Consider addition of fractions \mathtt{\frac{1}{2} \ \&\ \frac{1}{3}}

Fraction 1/2 means object is divided into two parts and one part is shaded.

Where as fraction 1/3 means object is divided into three equal parts and one part is shaded.

On observing the image you will find that the object is divided into different parts which make it difficult to add the fraction.

So we will take the LCM of denominators

LCM (2, 3) = 2 x 3 = 6

Now we will try to make all the fraction with denominator 6.

**For Fraction (1/2)**

Multiply numerator and denominator with 3

\mathtt{\Longrightarrow \frac{1\ \times \ 3}{2\ \times \ 3} \ =\ \frac{3}{6}}

**For Fraction (1/3)**

Multiply numerator and denominator by 2

\mathtt{\Longrightarrow \frac{1\ \times \ 2}{3\ \times \ 2} \ =\ \frac{2}{6}}

Now we have fraction 3/6 and 2/6, both have same denominator. Since both the object is divided into 6 parts, the addition of fraction is now possible.

When the denominator is same, simply add the numerators and retain the denominator.

\mathtt{\Longrightarrow \ \frac{3}{6} \ +\ \frac{2}{6}}\\\ \\ \mathtt{\Longrightarrow \ \frac{3\ +\ 2}{6}}\\\ \\ \mathtt{\Longrightarrow \ \frac{5}{6}}

**Hence, 5/6 is the solution**.

**Example 02**

\mathtt{Add\ \frac{2}{5} \ \&\ \frac{6}{9}}

Here the fractions have different denominator.

To add these fractions, follow the below steps:

**(a) Find the L.C.M of the denominator**

LCM (5, 9) = 45

**(b) Multiply each fractions to make denominator 45**

**For fraction (2/5)**

Multiply numerator and denominator with 9

\mathtt{\Longrightarrow \frac{2\ \times \ 9}{5\ \times \ 9} \ =\ \frac{18}{45}}

Note:

You always have to multiply numerator and denominator with same number otherwise the process will go wrong.

**For Fraction (6/9)**

Multiply numerator and denominator with 5

\mathtt{\Longrightarrow \frac{6\ \times \ 5}{9\ \times \ 5} \ =\ \frac{30}{45}}

(c) **Now both the fractions have same denominator**.**Simply add the numerator** and retain the denominator.

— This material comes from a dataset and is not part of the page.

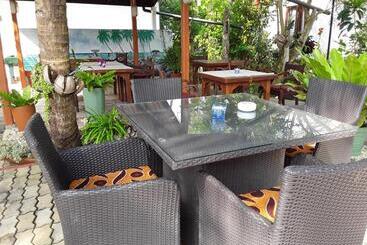 پانسیون Karl Holiday Bungalow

\mathtt{\Longrightarrow \ \frac{18}{45} \ +\ \frac{30}{45}}\\\ \\ \mathtt{\Longrightarrow \ \frac{18\ +\ 30}{45}}\\\ \\ \mathtt{\Longrightarrow \ \frac{48}{45}}

(d) Fraction 48/45 is the solution.

If you want, you can further simplify the fraction.

Both numbers 48 & 45 are divisible by 3.

So dividing numerator and denominator by 3, we get;

\mathtt{\Longrightarrow \frac{48\ \div \ 3}{45\ \div \ 3} \ =\ \frac{16}{15}}

**Hence, 16/15 is the solution.**

**Example 03**

\mathtt{Add\ \frac{9}{11} \ \&\ \frac{7}{15}}

The fractions have different denominators.

Follow the below steps:

**(a) Find the LCM of denominator**

LCM (11, 15) = 165

(b)** Multiply each fractions** to make each denominator 165

**For Fraction 9/11**

Multiply numerator and denominator by 15

\mathtt{\Longrightarrow \frac{9\ \times \ 15}{11\ \times \ 15} \ =\ \frac{135}{165}}

**For Fraction 7/15**

Multiply numerator and denominator by 11

\mathtt{\Longrightarrow \frac{7\ \times \ 11}{15\ \times \ 11} \ =\ \frac{77}{165}}

(c) Now **both the fractions have same denominator**.

Add the numerators and retain the denominators.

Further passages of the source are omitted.